» What is expected
In the records below, find the line with "analytics and threat detection", then copy each line exactly until you have copied the line with "JAHON IQTISODIY VA IJTIMOIY GEOGRAFIYASI". Leave any picture out.

*** Supplied data Section Begins ***

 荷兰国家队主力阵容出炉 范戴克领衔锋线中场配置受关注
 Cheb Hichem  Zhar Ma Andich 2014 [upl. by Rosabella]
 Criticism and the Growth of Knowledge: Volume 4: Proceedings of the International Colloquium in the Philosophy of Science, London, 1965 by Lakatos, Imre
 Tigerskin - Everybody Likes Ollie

*** Supplied data Section Ends ***
*** Supplied data Section Begins ***

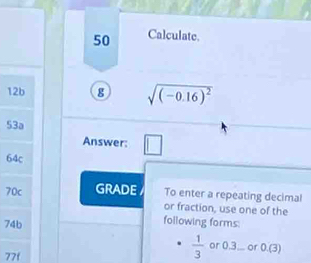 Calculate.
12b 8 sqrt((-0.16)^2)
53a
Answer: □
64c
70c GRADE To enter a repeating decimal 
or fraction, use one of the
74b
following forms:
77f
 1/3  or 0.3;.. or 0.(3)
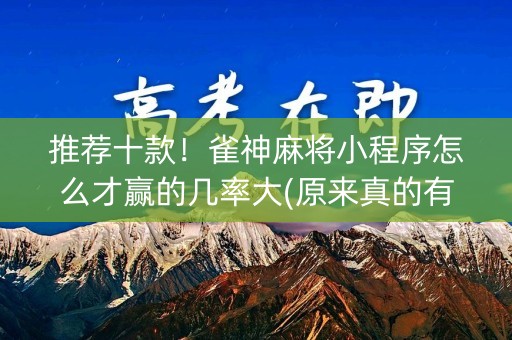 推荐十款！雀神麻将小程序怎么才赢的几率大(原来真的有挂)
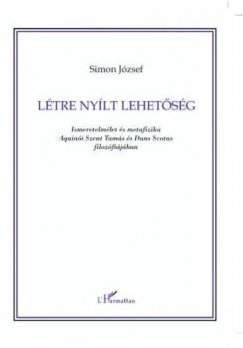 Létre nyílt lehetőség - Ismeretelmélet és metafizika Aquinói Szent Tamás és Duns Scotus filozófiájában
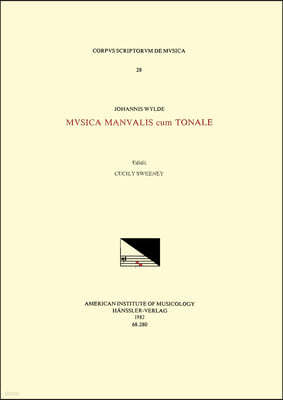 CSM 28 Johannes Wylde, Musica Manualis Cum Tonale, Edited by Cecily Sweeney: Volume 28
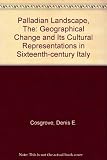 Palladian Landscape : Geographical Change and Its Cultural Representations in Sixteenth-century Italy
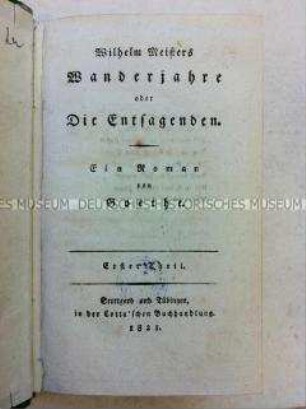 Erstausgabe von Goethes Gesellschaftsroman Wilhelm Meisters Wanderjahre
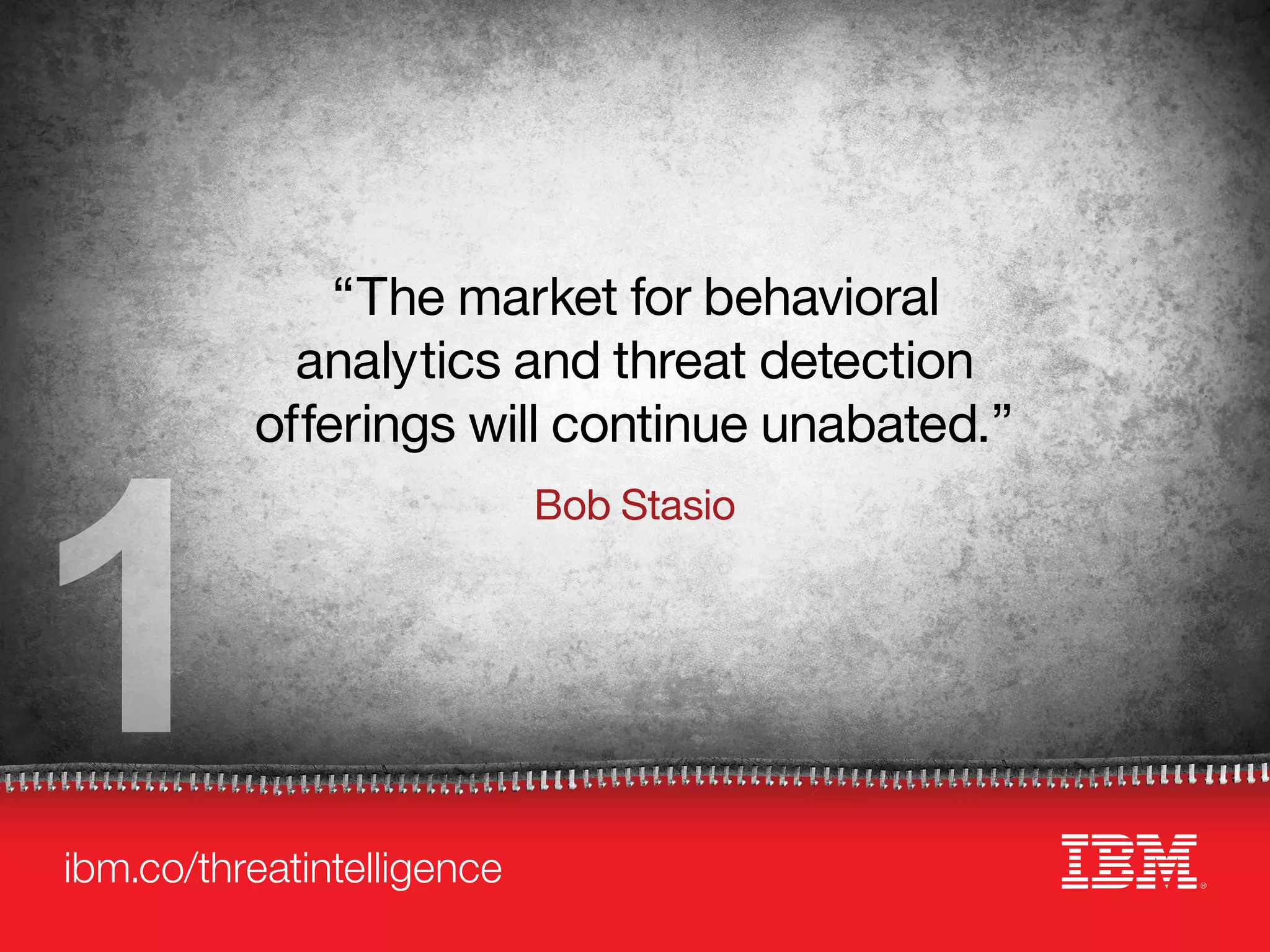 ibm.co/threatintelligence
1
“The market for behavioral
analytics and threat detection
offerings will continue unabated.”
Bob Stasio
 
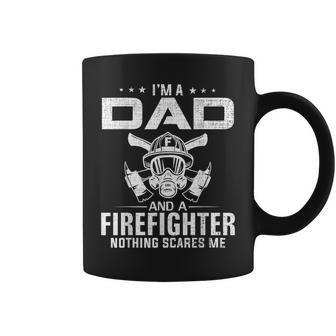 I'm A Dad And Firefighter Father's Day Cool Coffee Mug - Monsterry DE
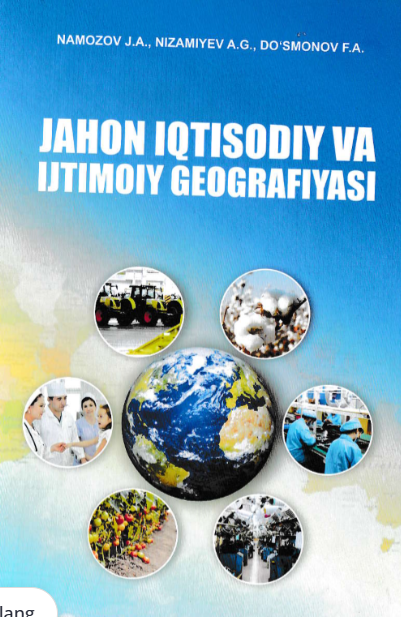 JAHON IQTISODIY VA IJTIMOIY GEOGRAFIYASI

*** Supplied data Section Ends ***

» Response below
analytics and threat detection
offerings will continue unabated.”
Bob Stasio
 
 I'm A Dad And Firefighter Father's Day Cool Coffee Mug - Monsterry DE
 JAHON IQTISODIY VA IJTIMOIY GEOGRAFIYASI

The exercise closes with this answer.